DISCLAIMER: All opinions in this column reflect the views of the author(s), not of EURACTIV Media network.

The EU’s Payment Services Directive (PSD) is in danger of “creating a legislative labyrinth,” warns Professor Maria Chiara Malaguti in a recent paper for the European Credit Research Institute (ECRI).

The professor of law argues that since regulation of payment services is such a complex subject it needs to be supported “by a more solid conceptualisation” of key elements. 

In Malaguti’s view, the PSD contains numerous “inconsistencies” that emanate from its originality: “it is an exercise that is new for regulators and legislators and as yet has no exact correspondent in any legislative effort outside the EU”. 

Whatever its innovative merits, the directive must be reviewed because it risks proving inconsistent with the acquis communantaire, says Malaguti. 

If the legislation is left as it is, the lack of legal clarity will cause “ambiguities” in the interpretation of the PSD, she warns. 

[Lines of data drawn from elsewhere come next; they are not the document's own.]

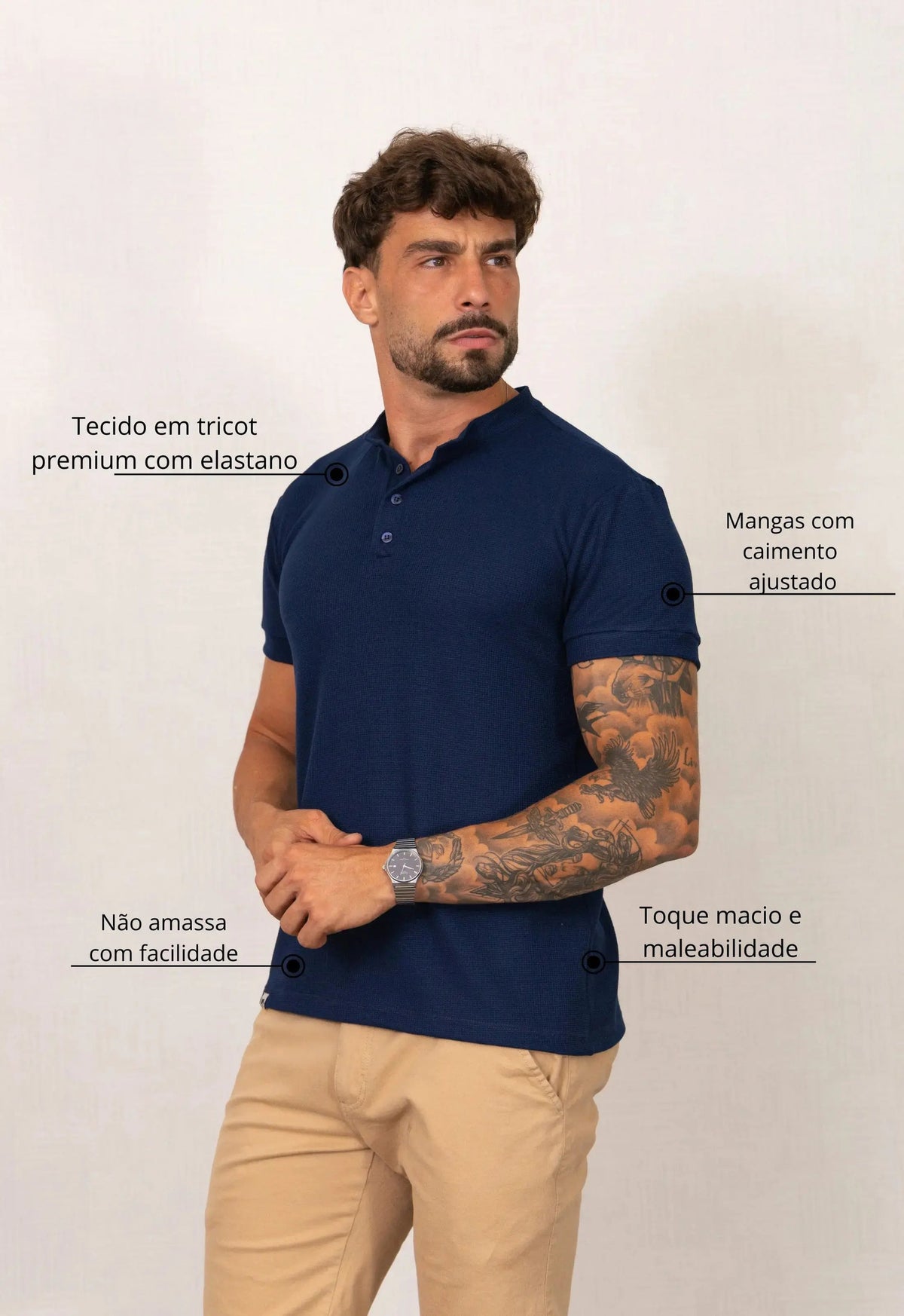 Camiseta Henley Slim Tricot com Elastano Azul Marinho | MAGNO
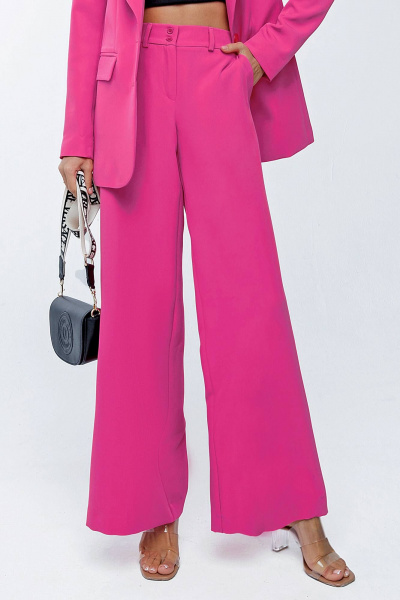 Розовые брюки палаццо на резинке для офиса и прогулок Gold Style 2631 фуксия - фото 4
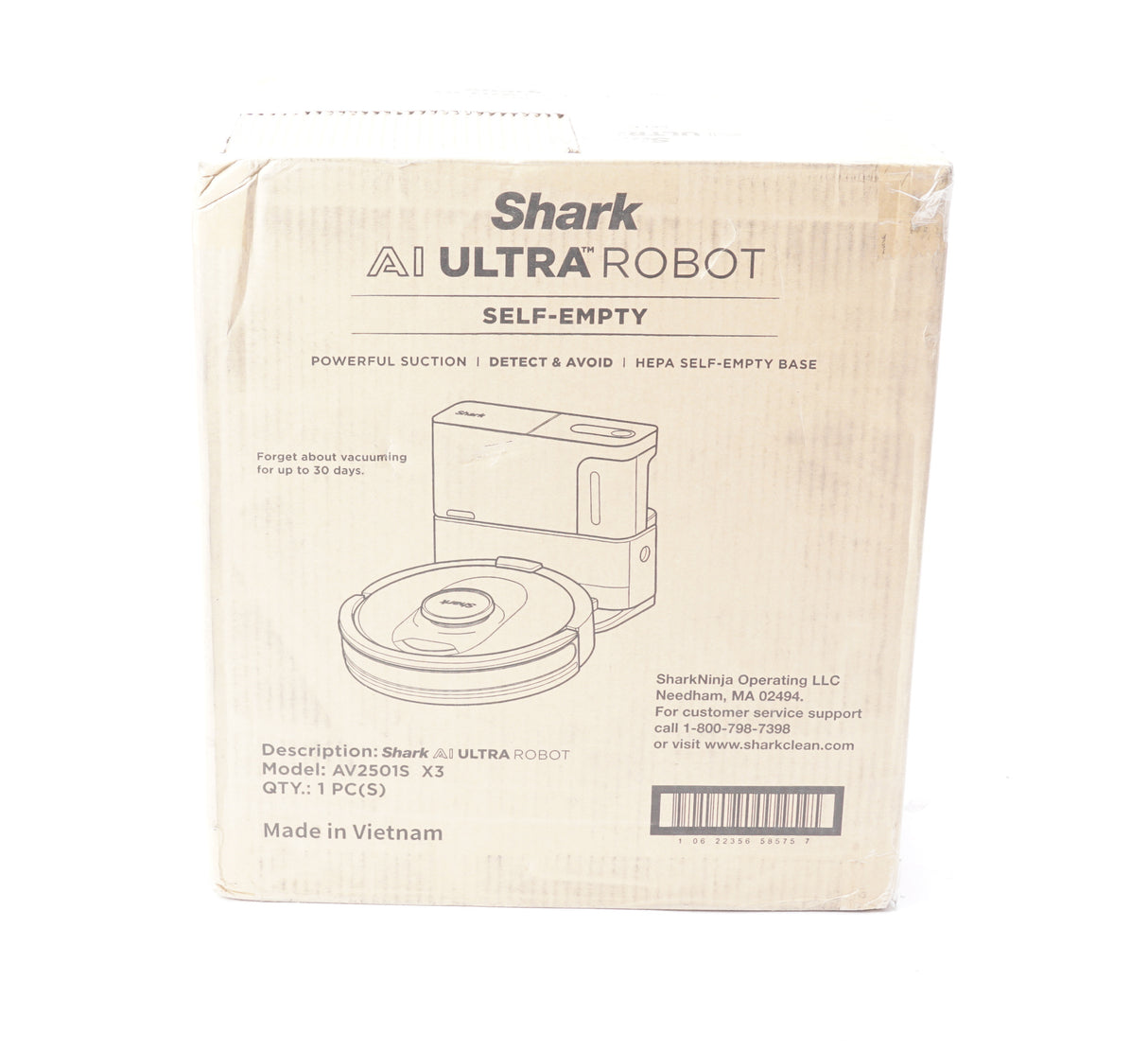 Shark AV2501S AI Ultra Robot Vacuum, with Matrix Clean, Home Mapping, 30-Day Cap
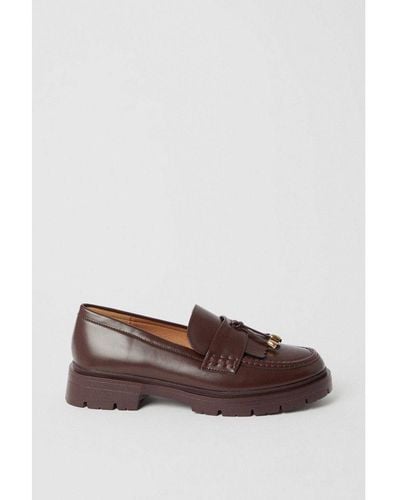 Warehouse Loafer With Tassle And Trim - White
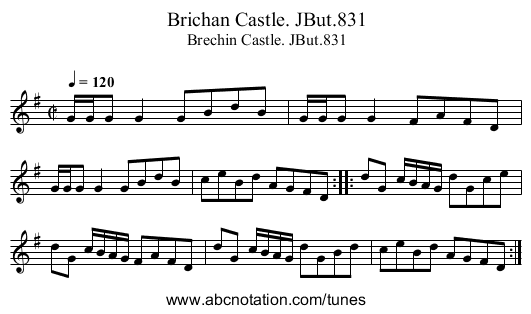 Brichan Castle. JBut.831 - staff notation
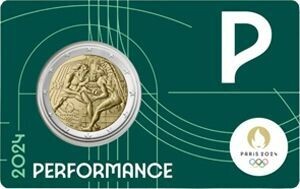 Frankreich 2 € 2024 "Herkules (Oly 4)" 1 Münze in Coincard Farbe grün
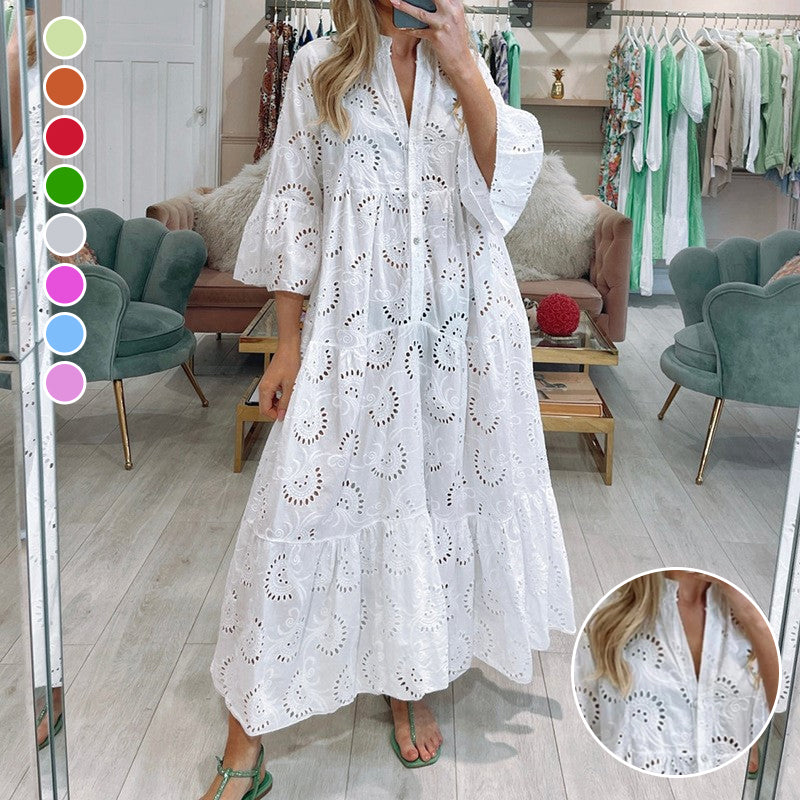 V Neck Flares Sleeve Embroidery Cotton Dress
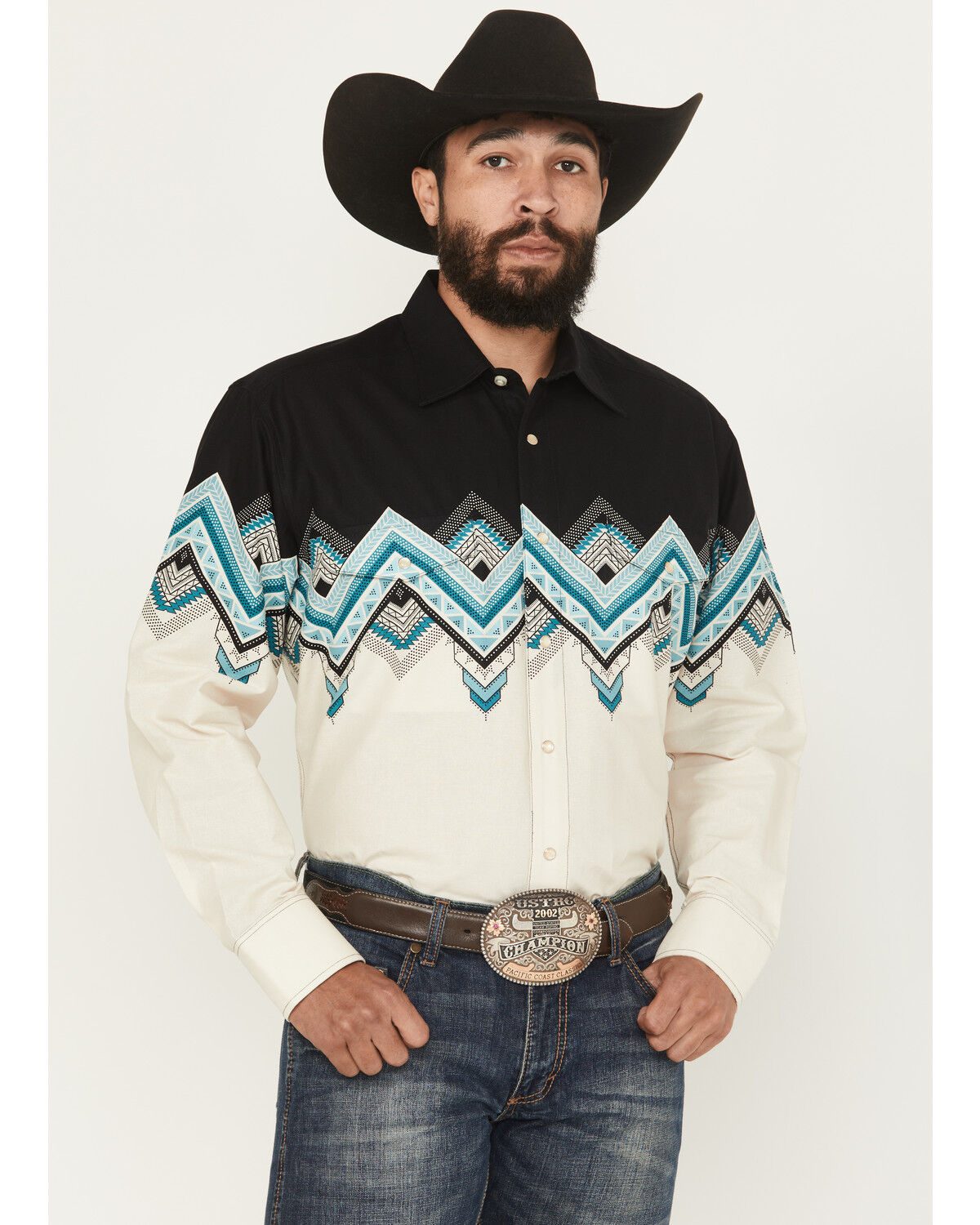 Panhandle Slim Men's Southwestern Border Print Long Sleeve Pearl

It fails to properly define “exactly what a payment service is,” since it simply “lists a number of activities,” she argues. Failure to define “payment service” further prevents “any consistent conceptualisation,” which would help “develop a clear framework for regulation”. 

All this ambiguity allows for “potential discrepancies” in interpretations at national level, claims Malaguti. 

Community law could be undermined by the “numerous and relevant derogations from the directive by domestic regulation,” which “might further compromise the general framework of the payments system in the EU,” warns Malaguti. 

She concludes that “the vagueness and inconsistencies that are described in this paper leave some doubt that the actual regulation is sufficiently equipped to cope with the modernity and complexity of this ‘newly-born’ financial service”.